The similarity has a big impact on our selection of potential relationship partners. The more similar two people are the more chance the relationship has of being successful. For Instagram, this means that we tend to follow people who have a similar style and take pictures of similar motives like us. That also means you should stay consistent with your style and content. Otherwise, you may lose those people who have been similar to you so far. Keep your promises. If you are doing travel photography, don’t post a macro even if it’s a good one. And don’t forget to tag your photos so people can find you if they are looking for someone who does similar photos (but don’t overdo it).
Reciprocal-Attraction is very related to similarity. It’s the tendency to like people who like us. What that means for your Instagram account is pretty clear I guess – be active and follow others, like their pictures and make relevant comments as much as possible. Target following others in the same boat as you and also, follow whom they follow. Create that web of networks.
Digital relationships need some diversity to keep them interesting. This does not mean you should totally mess with the consistency but break with it from time and try to give your content some serendipity. If people look at your profile they probably get bored very easily, if they only see selfies. But of course, as there are exceptions to any rule, you can also find counterexamples to this one. However, complementarity can be achieved by traveling to a lot of different places for example or by trying out all different types of photography – just try to give your photos a different angle from time to time.
I’m sure you already noted before that it’s very easy to like people who are skilled and able in whatever field. At the same time most people don’t care for those that are “perfect”, instead preferring some “human” qualities. For your Instagram account this means that mistakes are OK as long as you strive for continuous learning, exploring and sharing. Try to get better every day. Learn everything about composition techniques if you don’t already know.
Disclosure builds liking because it indicates trust and respect; reciprocity is important too – without it, the self-disclosure feels wasted. This can be reflected in several ways in your Instagram account. That could mean that you sometimes should post a personal photo from something at your home, if you are usually doing travel photography. But in any case it means you shall not be overly promotional – show your personality.

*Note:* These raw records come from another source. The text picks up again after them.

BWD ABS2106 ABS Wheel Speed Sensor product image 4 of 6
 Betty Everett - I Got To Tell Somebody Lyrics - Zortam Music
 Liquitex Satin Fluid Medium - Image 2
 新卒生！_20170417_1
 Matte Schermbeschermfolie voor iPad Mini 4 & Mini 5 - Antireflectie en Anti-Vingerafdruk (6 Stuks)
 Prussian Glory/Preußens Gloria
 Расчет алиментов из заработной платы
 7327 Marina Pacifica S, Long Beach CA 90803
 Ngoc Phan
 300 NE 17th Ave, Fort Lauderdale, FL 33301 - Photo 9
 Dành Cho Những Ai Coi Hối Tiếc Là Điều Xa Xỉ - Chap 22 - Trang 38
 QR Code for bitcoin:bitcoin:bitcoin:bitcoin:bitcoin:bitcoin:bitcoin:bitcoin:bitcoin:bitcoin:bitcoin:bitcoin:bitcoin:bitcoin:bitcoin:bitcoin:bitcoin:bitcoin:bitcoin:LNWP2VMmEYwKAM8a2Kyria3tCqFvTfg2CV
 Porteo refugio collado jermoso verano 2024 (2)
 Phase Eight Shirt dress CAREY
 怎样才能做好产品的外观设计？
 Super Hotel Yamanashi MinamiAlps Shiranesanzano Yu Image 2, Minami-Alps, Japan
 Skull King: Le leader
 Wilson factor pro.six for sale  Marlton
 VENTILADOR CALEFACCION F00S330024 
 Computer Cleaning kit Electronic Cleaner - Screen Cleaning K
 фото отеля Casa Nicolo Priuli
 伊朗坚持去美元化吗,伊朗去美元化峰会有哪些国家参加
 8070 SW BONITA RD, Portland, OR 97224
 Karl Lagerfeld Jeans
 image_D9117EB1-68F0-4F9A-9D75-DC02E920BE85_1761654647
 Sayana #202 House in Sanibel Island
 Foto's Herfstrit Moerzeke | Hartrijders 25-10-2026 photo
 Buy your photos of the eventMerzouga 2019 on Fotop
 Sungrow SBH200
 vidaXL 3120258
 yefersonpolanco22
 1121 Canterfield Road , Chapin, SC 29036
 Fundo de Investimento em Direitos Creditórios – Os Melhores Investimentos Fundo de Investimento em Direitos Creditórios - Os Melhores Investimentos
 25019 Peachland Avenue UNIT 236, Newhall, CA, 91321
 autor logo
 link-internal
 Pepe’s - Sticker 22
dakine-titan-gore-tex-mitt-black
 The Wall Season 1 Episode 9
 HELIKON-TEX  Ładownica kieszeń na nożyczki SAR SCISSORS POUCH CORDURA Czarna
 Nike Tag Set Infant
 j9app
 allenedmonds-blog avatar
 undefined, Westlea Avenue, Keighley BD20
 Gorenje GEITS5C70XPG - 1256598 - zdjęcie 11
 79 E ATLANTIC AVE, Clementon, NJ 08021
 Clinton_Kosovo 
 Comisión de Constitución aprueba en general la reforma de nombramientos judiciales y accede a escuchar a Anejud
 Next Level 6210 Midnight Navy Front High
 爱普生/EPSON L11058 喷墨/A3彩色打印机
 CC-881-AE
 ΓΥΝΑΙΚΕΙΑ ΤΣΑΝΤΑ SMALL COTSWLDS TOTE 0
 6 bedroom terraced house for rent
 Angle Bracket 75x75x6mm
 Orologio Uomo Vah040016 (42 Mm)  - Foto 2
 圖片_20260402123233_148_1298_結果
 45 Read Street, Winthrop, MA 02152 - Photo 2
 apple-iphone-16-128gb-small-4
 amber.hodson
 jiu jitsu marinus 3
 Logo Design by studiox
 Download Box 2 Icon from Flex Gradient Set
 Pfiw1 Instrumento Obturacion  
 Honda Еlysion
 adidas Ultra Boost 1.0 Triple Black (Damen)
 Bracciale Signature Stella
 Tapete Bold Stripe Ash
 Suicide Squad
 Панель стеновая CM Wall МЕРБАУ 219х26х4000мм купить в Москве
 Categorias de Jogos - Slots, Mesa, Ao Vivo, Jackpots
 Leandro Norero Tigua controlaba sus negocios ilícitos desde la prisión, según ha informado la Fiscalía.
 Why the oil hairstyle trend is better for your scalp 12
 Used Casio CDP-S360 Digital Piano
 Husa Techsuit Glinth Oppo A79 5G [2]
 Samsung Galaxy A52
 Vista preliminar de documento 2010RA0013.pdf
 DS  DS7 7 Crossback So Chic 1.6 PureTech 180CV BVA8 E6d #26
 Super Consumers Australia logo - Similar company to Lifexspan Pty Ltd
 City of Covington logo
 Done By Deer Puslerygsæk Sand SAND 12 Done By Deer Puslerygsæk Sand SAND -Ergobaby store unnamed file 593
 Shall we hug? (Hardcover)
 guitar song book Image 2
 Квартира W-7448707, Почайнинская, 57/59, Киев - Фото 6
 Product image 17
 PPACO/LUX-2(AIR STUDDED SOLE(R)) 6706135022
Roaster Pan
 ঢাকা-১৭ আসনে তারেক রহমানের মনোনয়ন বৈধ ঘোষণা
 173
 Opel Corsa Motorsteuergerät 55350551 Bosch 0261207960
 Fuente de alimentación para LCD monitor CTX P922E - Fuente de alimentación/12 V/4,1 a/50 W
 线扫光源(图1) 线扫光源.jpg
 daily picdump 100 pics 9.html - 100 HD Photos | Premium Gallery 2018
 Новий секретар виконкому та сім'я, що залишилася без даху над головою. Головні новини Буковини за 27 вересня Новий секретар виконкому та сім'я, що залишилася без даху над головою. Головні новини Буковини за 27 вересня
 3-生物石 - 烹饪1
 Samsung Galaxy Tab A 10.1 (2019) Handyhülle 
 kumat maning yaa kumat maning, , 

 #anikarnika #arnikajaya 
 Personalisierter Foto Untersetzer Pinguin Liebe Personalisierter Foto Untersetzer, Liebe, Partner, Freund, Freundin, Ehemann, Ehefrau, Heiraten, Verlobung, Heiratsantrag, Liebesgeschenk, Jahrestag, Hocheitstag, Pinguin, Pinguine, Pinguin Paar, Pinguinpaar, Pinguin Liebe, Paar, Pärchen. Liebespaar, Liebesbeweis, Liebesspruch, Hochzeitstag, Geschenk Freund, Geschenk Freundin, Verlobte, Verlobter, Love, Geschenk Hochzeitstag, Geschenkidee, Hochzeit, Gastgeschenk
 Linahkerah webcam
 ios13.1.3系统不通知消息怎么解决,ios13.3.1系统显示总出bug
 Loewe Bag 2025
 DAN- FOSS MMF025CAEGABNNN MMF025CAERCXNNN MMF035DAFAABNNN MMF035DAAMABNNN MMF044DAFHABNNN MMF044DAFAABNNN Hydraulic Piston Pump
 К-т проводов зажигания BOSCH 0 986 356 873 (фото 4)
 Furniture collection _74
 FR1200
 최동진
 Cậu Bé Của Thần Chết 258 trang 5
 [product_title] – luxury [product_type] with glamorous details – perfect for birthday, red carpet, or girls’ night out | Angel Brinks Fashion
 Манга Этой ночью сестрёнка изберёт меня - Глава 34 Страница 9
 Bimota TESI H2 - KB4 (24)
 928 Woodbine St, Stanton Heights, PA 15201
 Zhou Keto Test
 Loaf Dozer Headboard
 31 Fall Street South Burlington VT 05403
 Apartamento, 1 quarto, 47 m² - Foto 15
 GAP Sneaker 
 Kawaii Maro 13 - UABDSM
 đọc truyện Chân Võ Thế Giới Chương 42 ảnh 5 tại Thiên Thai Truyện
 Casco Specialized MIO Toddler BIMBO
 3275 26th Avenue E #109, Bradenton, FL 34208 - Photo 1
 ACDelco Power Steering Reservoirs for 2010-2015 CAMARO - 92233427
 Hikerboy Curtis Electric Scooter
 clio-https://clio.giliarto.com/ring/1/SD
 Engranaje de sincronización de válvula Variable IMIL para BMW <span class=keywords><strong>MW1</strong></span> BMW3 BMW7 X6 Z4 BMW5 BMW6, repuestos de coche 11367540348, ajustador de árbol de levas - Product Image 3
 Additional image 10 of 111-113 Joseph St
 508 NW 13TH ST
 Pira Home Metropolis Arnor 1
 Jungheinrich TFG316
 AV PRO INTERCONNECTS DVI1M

Proximity obviously has a tremendous impact on the probability of becoming friend with a person. In the digital space proximity seems not to be as important anymore. But community is not only about online interactions. You really should consider, meeting people in real life and do some shooting together with them. This could be during a Worldwide Instameet or you meet up with photographers whose work you admire as that can really push you and inspire you to grow at a quicker pace.
This factor describes the tendency, if unconscious, to seek out people who can give us rewards that are greater than or equal to the costs of dealing with them. For your digital world, this means providing good content and giving relevant and actionable feedback. For brands, this could also mean real rewards like coupons for example.
Building Good Digital Relationships Takes Time
So let me say it one more time: “Becoming a successful Instagrammer heavily depends on the real and sustainable relationships you are building”. And yes, that means you need to take a lot of time and put a tremendous amount of effort into your Instagram activities. If you are saying now “But I don’t have that much time” or “How should I manage so many digital relationships” remind yourself, that successful Instagrammers can do it too. Maybe you just need some tools like a daily reminder, a strategy or lifehack to free some time.
If you are representing a brand, however, be aware that everything I wrote so far relates to an interpersonal relationship. Meaning that the first thing, before you start doing anything else, is to create a social media strategy in which your brand has a personality. Otherwise, the rules of relationship building may not apply.